Question

Organic fraction of municipal solid waste (OFMSW) with bulk density of 315 kg/m$^3$ and water content of 30% is mixed with municipal sludge of bulk density 700 kg/m$^3$ and water content of 70%, such that the water content of the mixture is 40%. The amount (in kg) of sludge to be mixed per kg of OFMSW (rounded off to 2 decimal places) and the density of the mixture (in kg/m$^3$) (rounded off to the nearest integer) are calculated. Which of the following options is/are true:

• A. 0.33 kg of sludge added per kg of OFMSW.
• B. Density of the mixture is 365 kg/m$^3$.
• C. 0.66 kg of sludge added per kg of OFMSW.
• D. Density of the mixture is 450 kg/m$^3$.

Hint:

When mixing materials with different water contents, you can calculate the final water content by balancing the individual contributions from each material and then calculating the bulk density of the mixture based on their respective densities.

Answer 1

The Correct Option is A, B

Given Data:

• Bulk density of MSW: \( \rho_1 = 315 \, \text{kg/m}^3 \)
• Water content of MSW: 30%
• Bulk density of sludge: \( \rho_2 = 700 \, \text{kg/m}^3 \)
• Water content of sludge: 70%
• Water content of mixture: 40%

Step 1: Water Content Balance Equation

Let \( W_1 \) and \( W_2 \) be the weights of MSW and sludge, respectively.

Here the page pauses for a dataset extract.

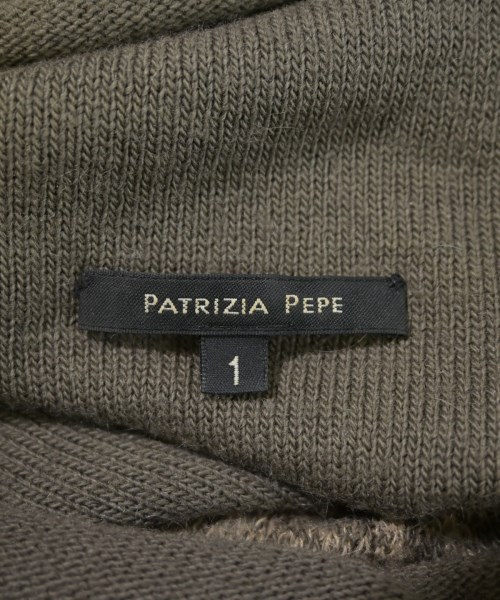 PATRIZIA PEPE（パトリツィア　ペペ）ニット・セーター 茶 サイズ:1(S位) レディース/2200658971280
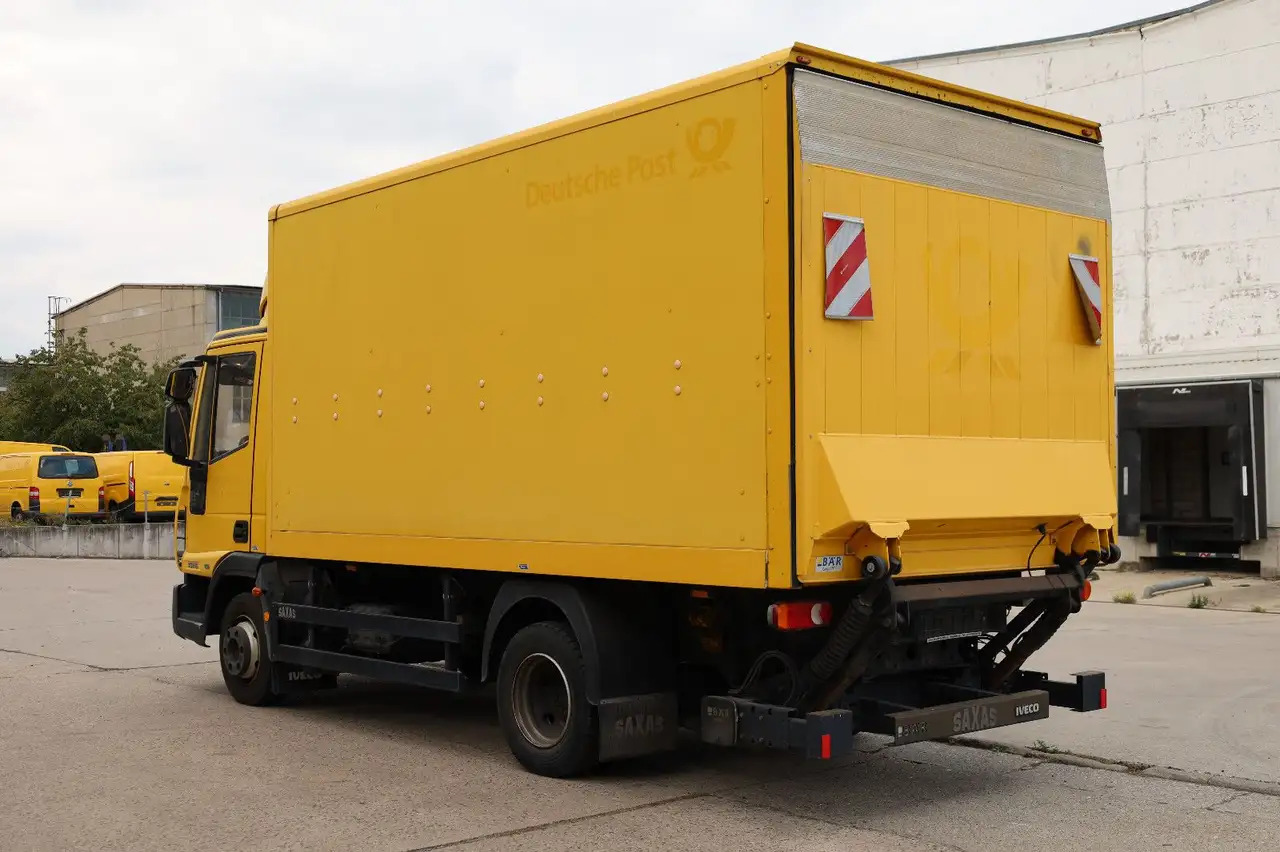 Iveco IG80EL2BA/KURZ/1. Hand/Scheckheft - Грузовик с закрытым кузовом: фото 4 Iveco IG80EL2BA/KURZ/1. Hand/Scheckheft - Грузовик с закрытым кузовом: фото 4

The water content equation for the mixture is:

\[ 0.3W_1 + 0.7W_2 = 0.4(W_1 + W_2) \]

Simplifying:

\[ 0.3W_1 + 0.7W_2 = 0.4W_1 + 0.4W_2 \]

\[ 0.3W_1 - 0.4W_1 = 0.4W_2 - 0.7W_2 \]

\[ -0.1W_1 = -0.3W_2 \]

\[ \frac{W_2}{W_1} = \frac{1}{3} \]

Step 2: Bulk Density Calculation

Bulk density of the mixture is given by:

\[ \rho_{\text{bulk}} = \frac{W_1 + W_2}{V_1 + V_2} \]

Since \( V = \frac{W}{\rho} \), we substitute:

\[ \rho_{\text{bulk}} = \frac{W_1 + W_2}{\frac{W_1}{\rho_1} + \frac{W_2}{\rho_2}} \]

Substituting \( \frac{W_2}{W_1} = \frac{1}{3} \), we solve and obtain:

\[ \rho_{\text{bulk}} \approx 365 \, \text{kg/m}^3 \]

Thus, the correct answers are (A) and (B).